▶ **Problem details**:
Reproduce the listing exactly, with no pictures in your copy.
[[ Collected material open ]]
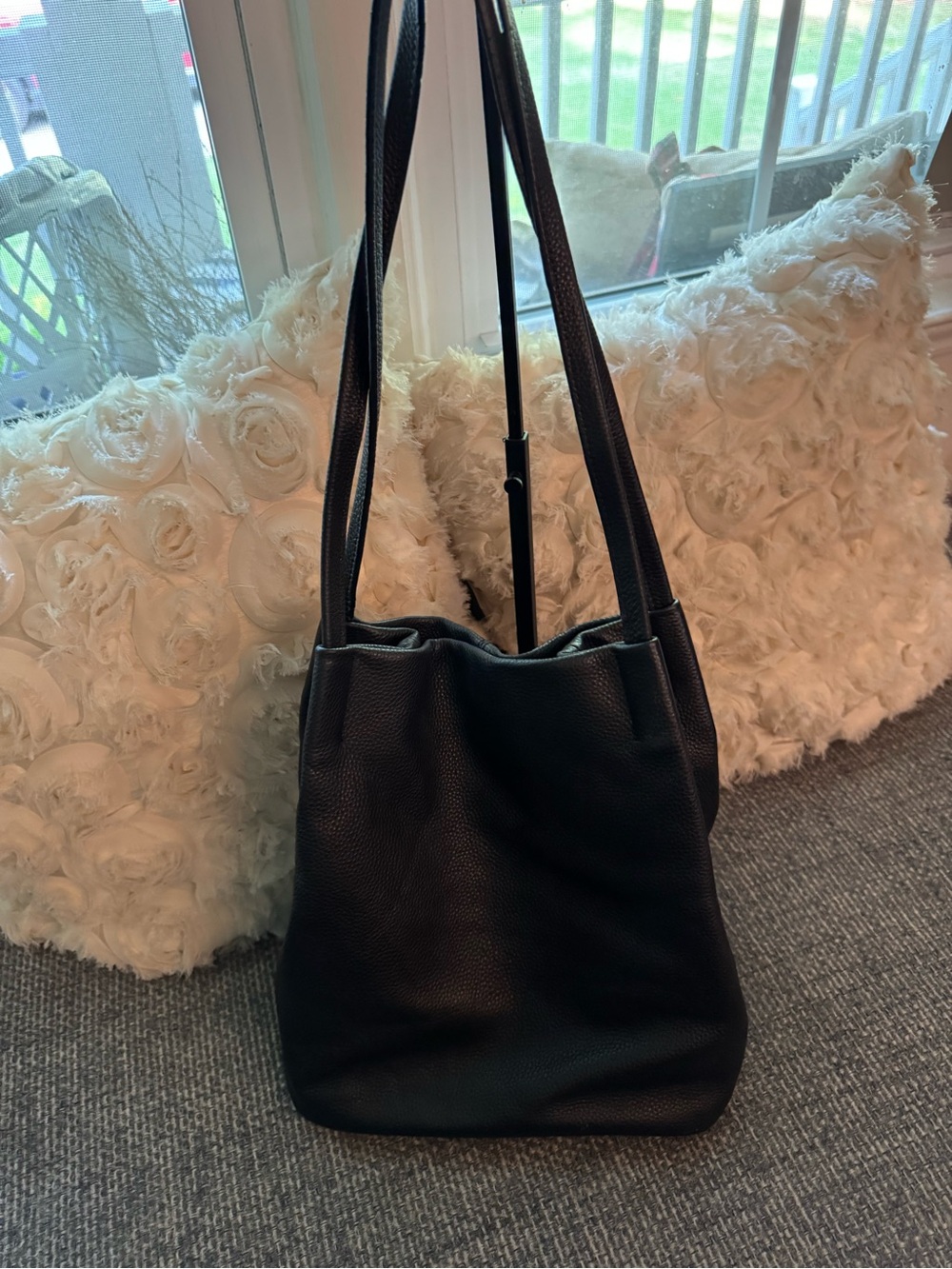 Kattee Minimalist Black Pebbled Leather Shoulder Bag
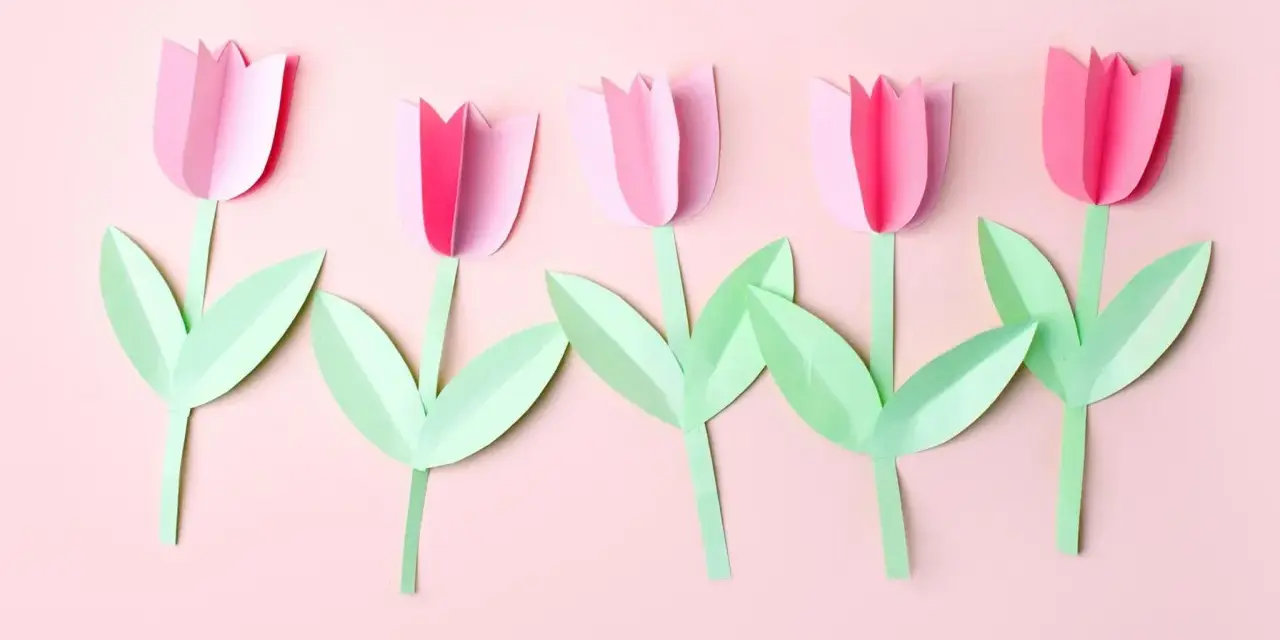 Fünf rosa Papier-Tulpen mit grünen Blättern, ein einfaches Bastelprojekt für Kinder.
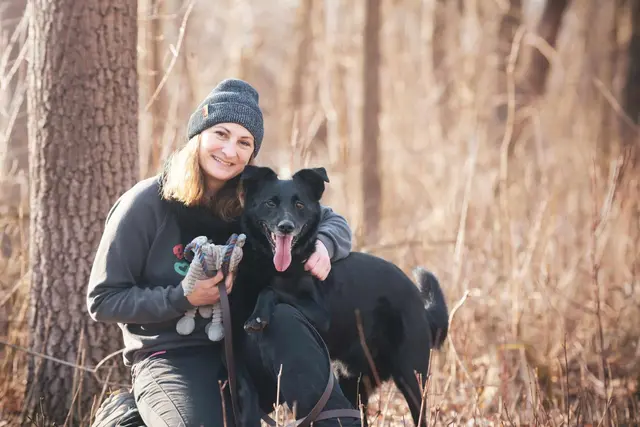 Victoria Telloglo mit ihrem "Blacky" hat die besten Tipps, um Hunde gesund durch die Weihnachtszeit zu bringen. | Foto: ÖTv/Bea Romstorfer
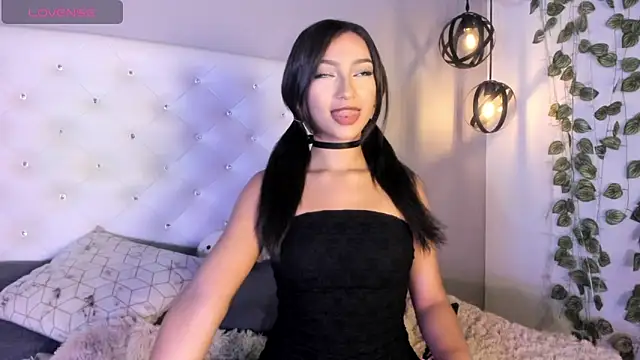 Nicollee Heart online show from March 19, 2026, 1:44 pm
[[ Collected material closed ]]
▶ **Answer for the task**:
 Kattee Minimalist Black Pebbled Leather Shoulder Bag
 Fünf rosa Papier-Tulpen mit grünen Blättern, ein einfaches Bastelprojekt für Kinder.
 Victoria Telloglo mit ihrem "Blacky" hat die besten Tipps, um Hunde gesund durch die Weihnachtszeit zu bringen. | Foto: ÖTv/Bea Romstorfer
 Nicollee Heart online show from March 19, 2026, 1:44 pm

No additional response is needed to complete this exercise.